What
is the biggest threat to America? What
is our greatest problem? Russia? Nuclear war?
Domestic terrorism?
Inflation? Debt? Al Qaeda?
I recently attended a talk by John Guandolo, US military veteran,
retired FBI Field Officer, and expert on Jihad and Sharia Law; he contended
that it is none of the above. We are our
own greatest problem. A healthy body, he
said, can remain strong under a lot of stress and turmoil, but as soon as it
becomes sickly and weak, anything can take it down. He then compared said body to a nation:
well-founded and united nation can withstand many heavy blows from the outside,
but we have forgotten our founding principles and divided ourselves into
factions. America is weakened, and is
therefore vulnerable to the threat of civilizational jihad.
The
core of Guandolo’s lecture addressed “civilizational jihad in America.” The Council on American-Islamic Relations,
CAIR, is a Muslim civil liberties advocacy organization that is headquartered
on Capitol Hill in Washington, DC. In
other words, CAIR is the North American jihad, and the same in nature as Al
Qaeda, Hamas, ISIS, or the Muslim Brotherhood in Egypt or Syria.

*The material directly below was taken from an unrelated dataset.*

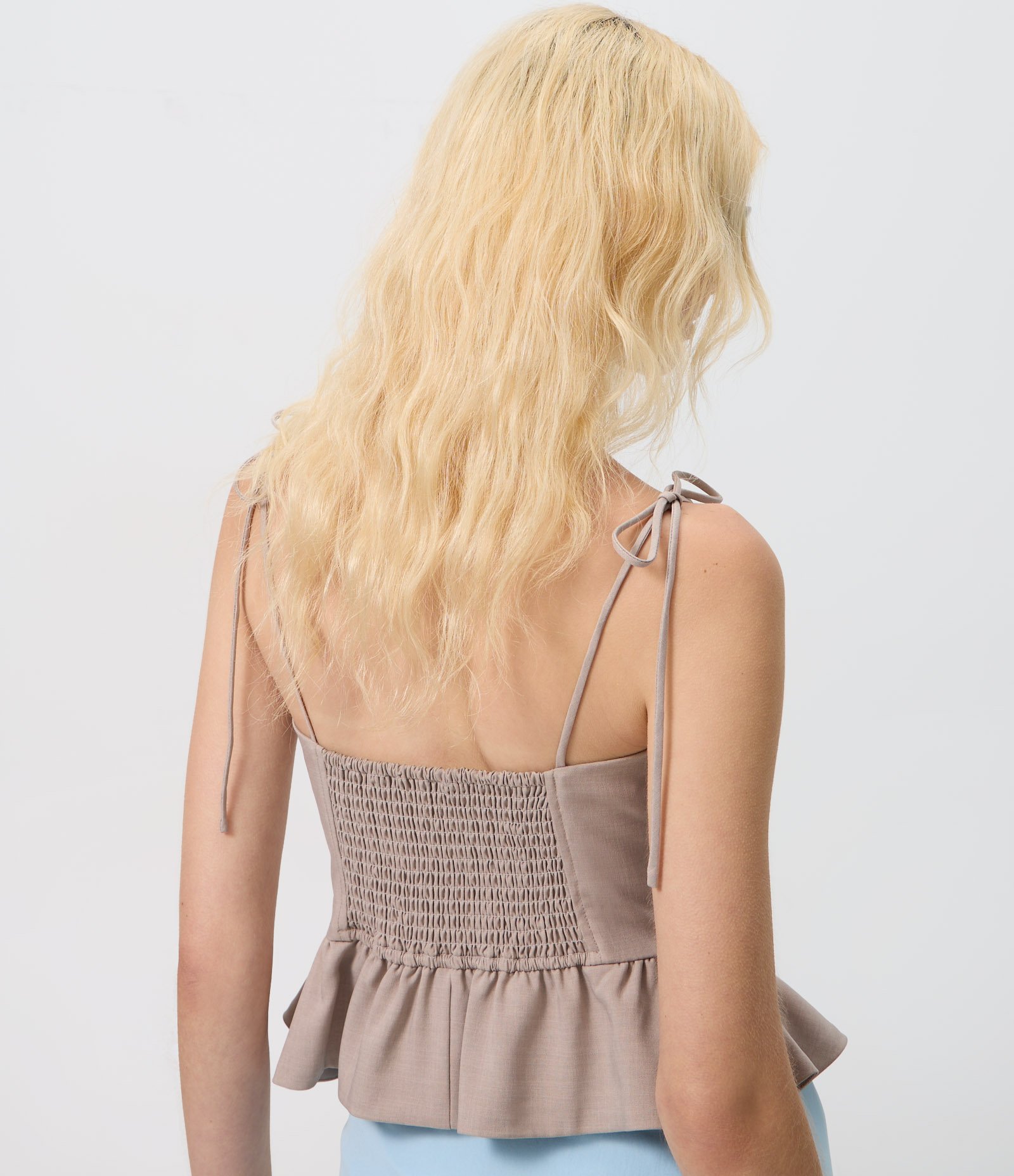 Blusa Peplum com Decote Coração e Amarração nas Alças Bege 4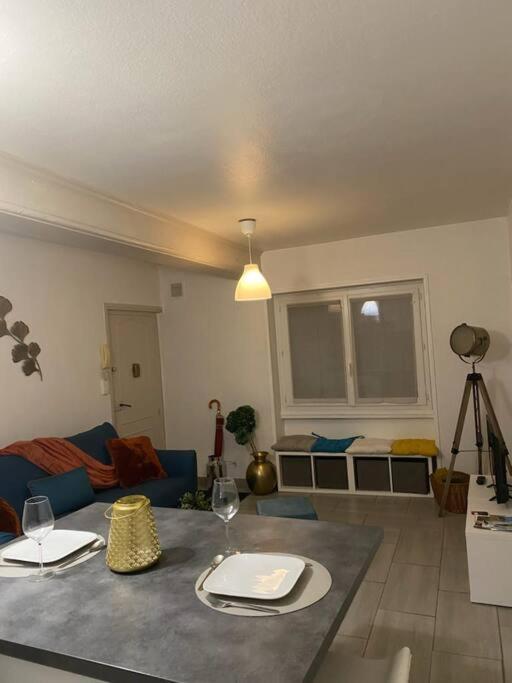 Absl Appartement วิลฟร็องช์-ซูร์-โซน ภายนอก รูปภาพ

Guandolo pointed out that all are Islamic
extremist groups that differ only in tactics: their goal is to establish a
global caliphate, and they are doing it by infiltrating American social and
moral structure. Abdurahman Alamoudi,
the leader of the largest Muslim organization in North America, was a personal
advisor to President Clinton and is, according to Guandolo, largely responsible
for deciding what is taught about jihad in American public schools. Muslims in America frequently state their
intentions outright—and we do nothing.
Guandolo warns that their talk isn’t just saber-rattling or fear
mongering; they mean what they say and we ought to take them seriously. Most frightening of all is that the latest
FBI threat assessment did not include these guys! The folks at the very top of our government,
and so on down the line, either don’t know, don’t care, or are actually
welcoming Islamic jihadists into the very core of our nation.
I
left the lecture the other night feeling, frankly, rather crabby. I wasn’t exactly afraid—it’s hard to shake in
your shoes about something like this when you’re safe and secure in the
Colorado Christian University bubble—but I was certainly infuriated. My beloved America is being destroyed from
the inside, and I don’t know what to do
about it! Then it hit me—the words
of John Guandolo himself at the very beginning of his lecture: the greatest
threat is us. In the words of Abraham Lincoln, “America
will never be destroyed from the outside.
If we falter and lose our freedoms, it will be because we destroyed
ourselves.” This country is destroying itself, and sometimes it
seems rather hopeless. I just have to
keep doing what I’m doing: learning how to better communicate to my generation
so that I can help lead our country through this spiritual and moral storm.
And I can pray, because praying is not the least we can do—it’s the most we can do.